1709538506 SpaceX is sending a new crew to the International Space

SpaceX is sending a new crew to the International Space Station

Three American astronauts and a Russian cosmonaut took off from Florida on Sunday evening to the International Space Station (ISS), where they will stay for about six months.

SpaceX's Falcon 9 rocket lifted off from Kennedy Space Center at 10:53 p.m. local time (03:53 a.m. GMT Monday), lighting up the night sky with a long, brilliant cloud of orange flames.

A few minutes after firing, the launch vehicle flew across the Atlantic at a speed of around 6,000 mph (9,700 km/h), NASA commentators described.

The ship, which has three men and one woman on board, took about nine minutes to get into orbit. It has to dock with the ISS to relieve four crew members from the space laboratory.

The start, originally planned for Saturday, was postponed by 24 hours due to unfavorable weather.

The capsule attached to the tip of the rocket, called “Endeavor,” has already been used by Elon Musk’s company on four manned missions.

This time the four passengers are members of Crew-8, the eighth regular rotational mission of the American crew on the ISS, which SpaceX carried out for NASA.

The American Michael Barratt is the only Crew 8 astronaut who has already visited the flying laboratory.

However, for the other two Americans, Matthew Dominick and Jeanette Epps, as well as the Russian cosmonaut Alexandre Grebionkin, it is the first space flight.

NASA and the Russian space agency Roscosmos, which jointly operate the ISS, have launched an astronaut exchange program in which each takes turns transporting a crew member from the other country.
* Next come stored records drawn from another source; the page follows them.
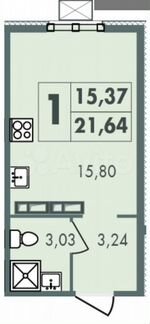 Квартира-студия, 21,6 м², 5/7 эт.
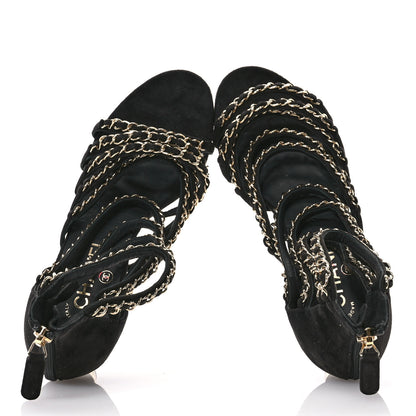 Chanel Kid Suede Chain CC Sandals 38 Black 2 of 9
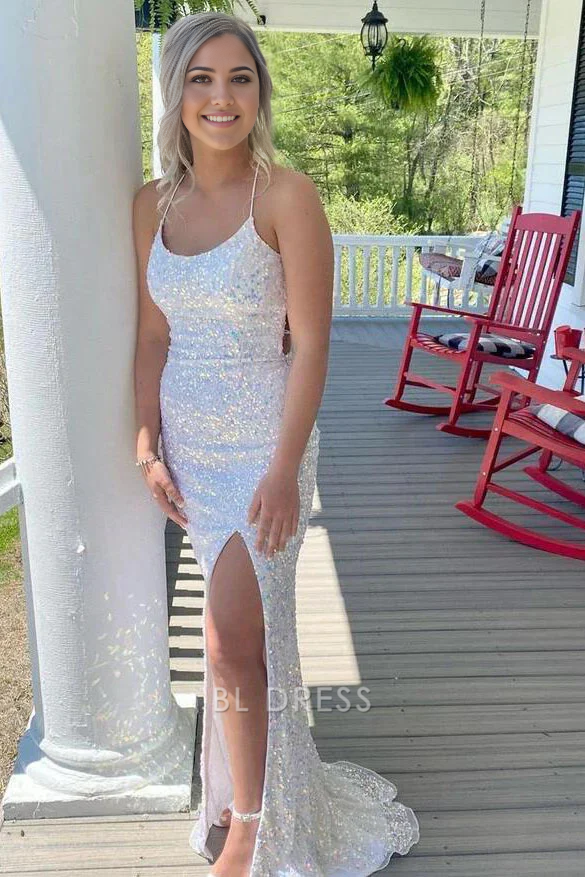 Mermaid Sparkly Spaghetti Straps White Sequin formal dresses Bridesmaid Dresses evening gown Prom Dress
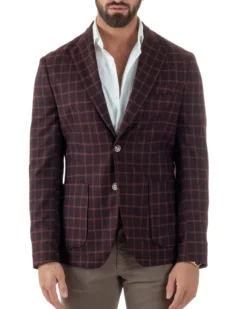 Giacca Monopetto Uomo Lana Check Quadri Revers Blazer Bordeaux BZ1004A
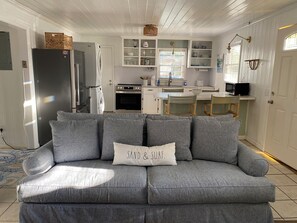 Smart TV, DVD player, books, video library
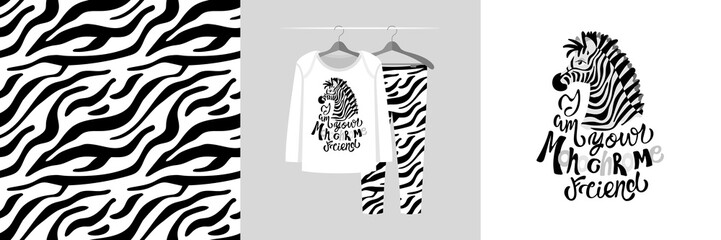 Seamless pattern and illustration with zebra, I am your monochrome friend text
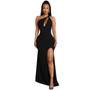 Autumn and winter women's sexy dress hollow sleeveless slit dress for women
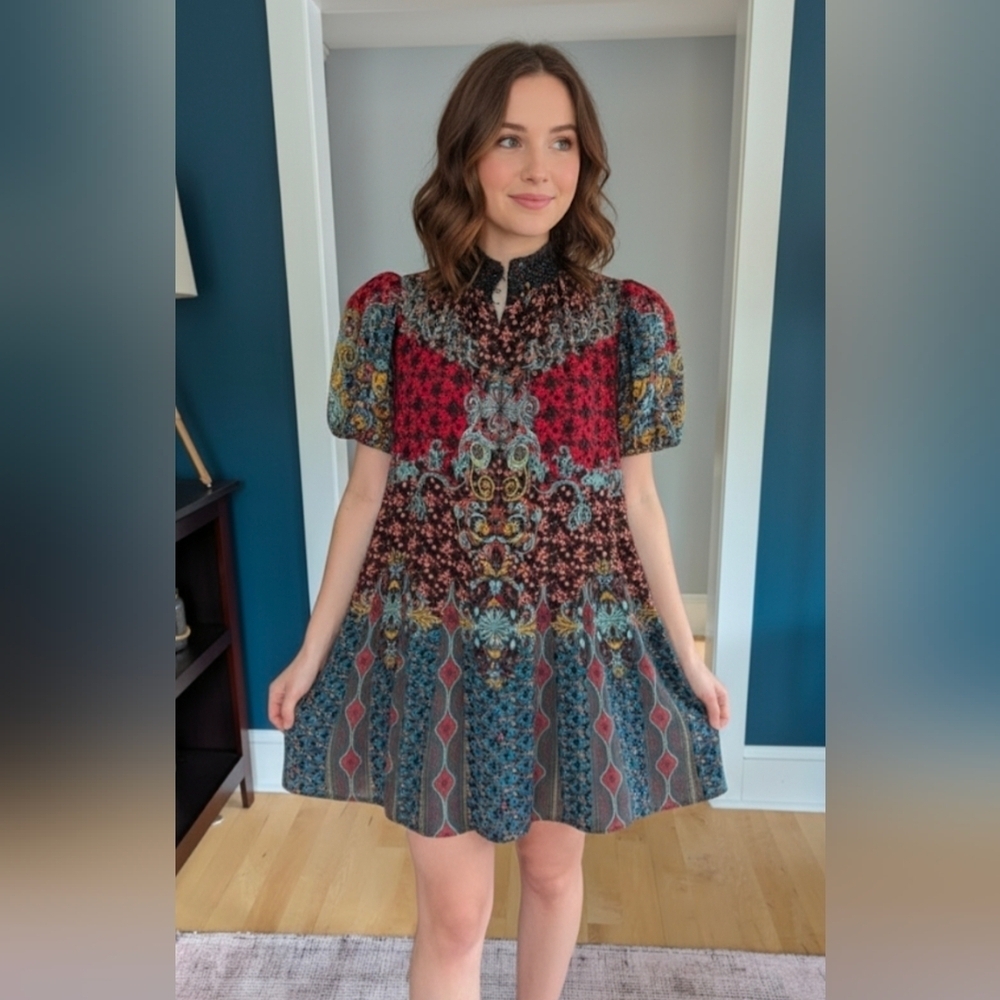 Alice + Olivia Janis Mixed Print Mini Dress Size 4 Puff Sleeves Loose Fit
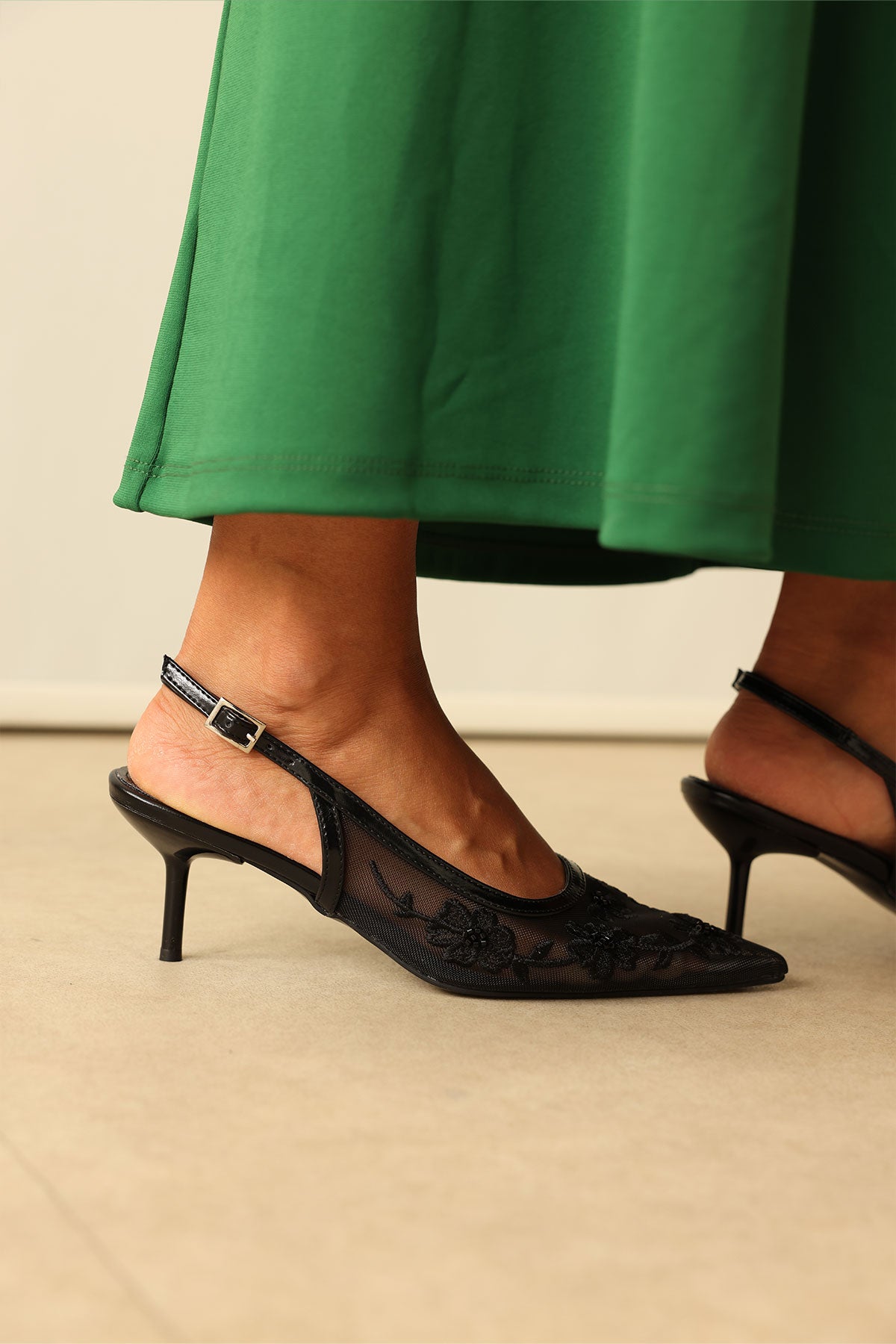 Floral Embroidered Lace Black Women's Heels
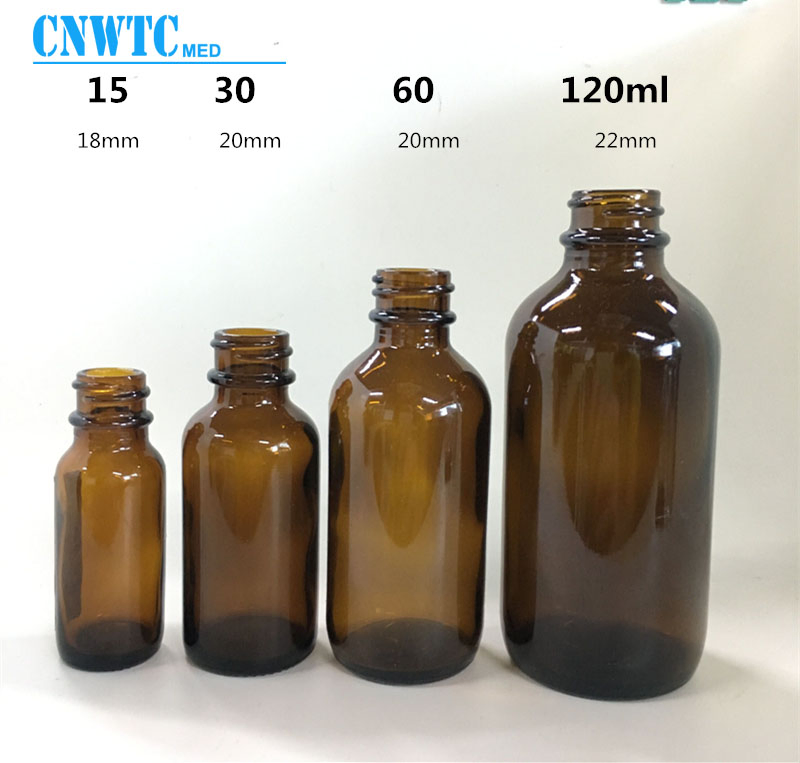 Boston Round Amber Glass Bottle Clear 250ml 500ml 1000ml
This program was maintained despite the war in Ukraine and the ISS is now one of the very few cooperation partners between Washington and Moscow.

The Crew-8 members will join the seven people already on the ISS.
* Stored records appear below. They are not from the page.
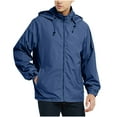 thumbnail image 1 of Fmbrln Mens Waterproof Windproof Jacket Casual Long Sleeve Full Zip Up Hooded Rain Jacket Outdoor Hiking Windbreaker Jacket Dark Blue 2XL, 1 of 4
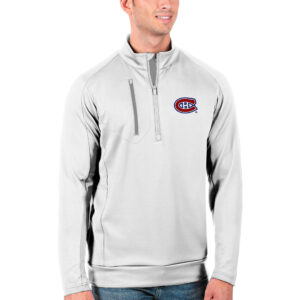 Men's Antigua White/Silver Montreal Canadiens Generation Quarter-Zip Pullover Jacket
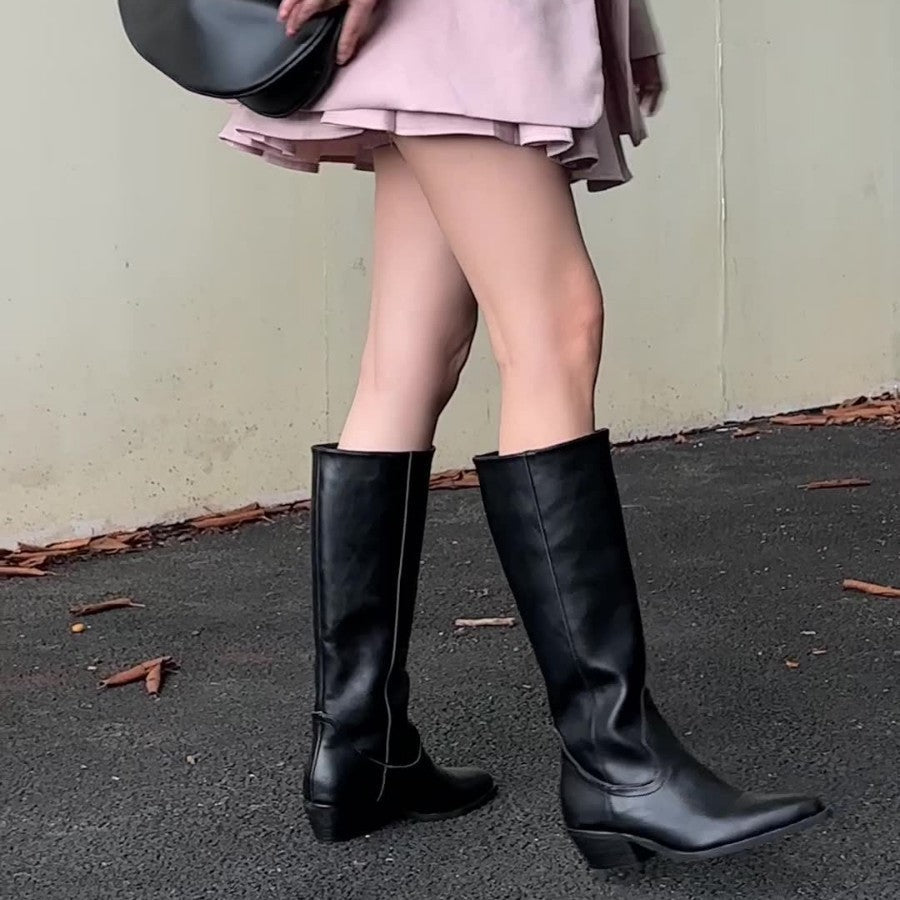 Aura | Botas Altas de Punta Fina con Tacón Medio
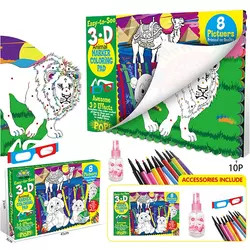 Carte de Colorat Lavabila cu Ochelari 3D - Animale Salbatice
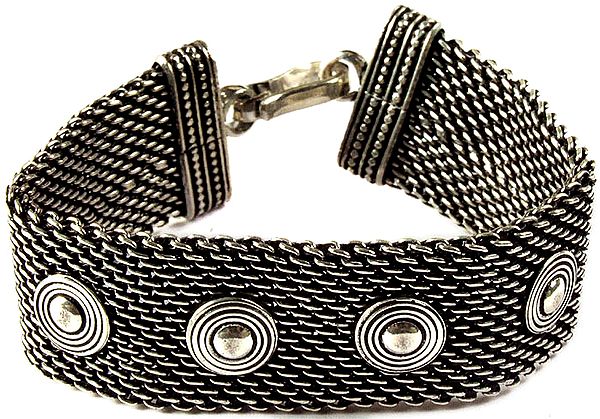Knotted Rope Bracelet of Sterling Silver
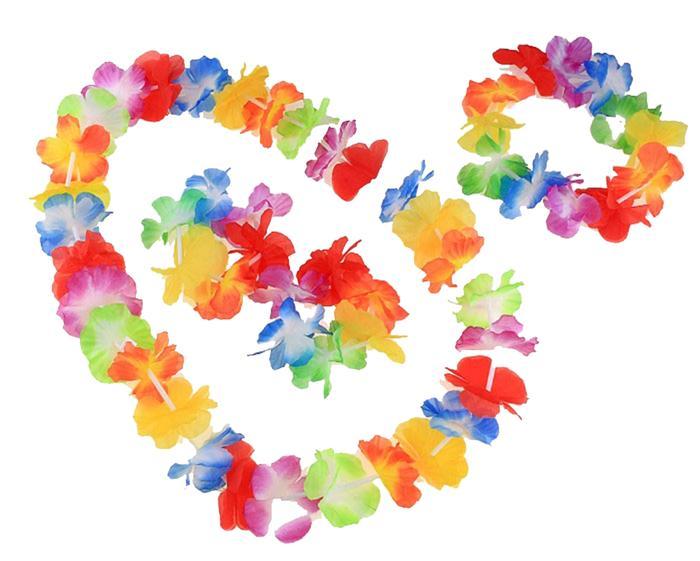 Карнавальный гавайский набор (ожерелье+венок+2 браслета) - фото 1 - id-p183774338
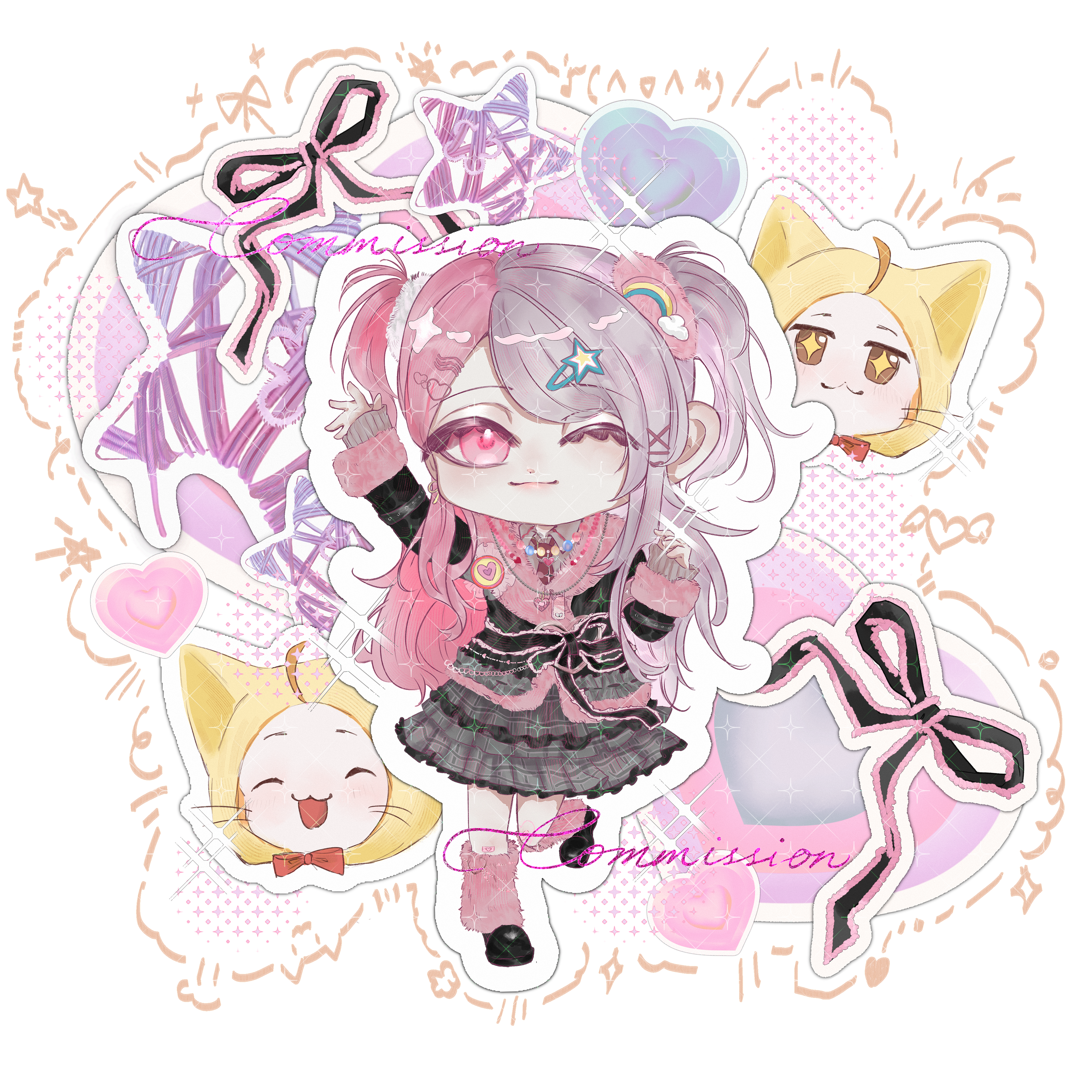 momo (nikki), rosie sweetheart (infinity nikki), whimstar (infinity nikki), infinity nikki, nikki (series), absurdres, commission, highres, + +, 1girl, :3, ^ ^, ahoge, animal, arm up, badge, bead necklace, beads, black jacket, black ribbon, black shoes, brown eyes, cat, chibi, closed eyes, closed mouth, clothed animal, collared shirt, dot nose, dress shoes, ear covers, everywherecoin, eyelashes, eyes visible through hair, frilled skirt, frilled wrist cuffs, frills, fur-trimmed jacket, fur-trimmed sleeves, fur trim, grey skirt, gyaru, hair ornament, hair scrunchie, hairclip, halftone, halftone background, happy, head only, heart, heart hair ornament, hood, hood up, jacket, jewelry, leg up, leg warmers, lipstick, long hair, long sidelocks, long sleeves, looking at viewer, makeup, miniskirt, multicolored hair, multiple views, necklace, necktie, one eye closed, outline, parallel hairclips, pink arm warmers, pink eyes, pink hair, pink leg warmers, pink lips, pink necktie, pink scrunchie, pink shirt, plaid clothes, plaid necktie, plaid skirt, pleated skirt, rainbow hair ornament, ribbon, scrunchie, shirt, shoes, sidelocks, skirt, smile, sparkle, sparkling eyes, split-color hair, standing, star (symbol), star hair ornament, swept bangs, transparent background, two side up, very long hair, waist ribbon, watermark, white cat, white outline, white scrunchie, wrist cuffs, x hair ornament, y2k fashion, yarn, yellow hood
After a handover period of a few days with the four members of Crew-7 – an American, a Dane, a Japanese and a Russian – they return to Earth aboard their own Dragon capsule.

More than 200 scientific experiments must be carried out during the six months that Crew-8 spends in the flying laboratory, which has been permanently inhabited for 23 years.

While the first years of the station's life were devoted to construction, astronauts can now devote more time to science.

“Many of the things we dreamed of a long time ago are becoming reality today,” NASA chief Bill Nelson said this week, citing stem cell research as an example.

But the station's age also has a downside: NASA and Roscomos are monitoring a “leak” at the end of a Russian module whose flow has increased recently, explained this week Joel Montalbano, head of the ISS Station program at NASA.

A hatch is currently permanently closed to isolate the leak from the rest of the station.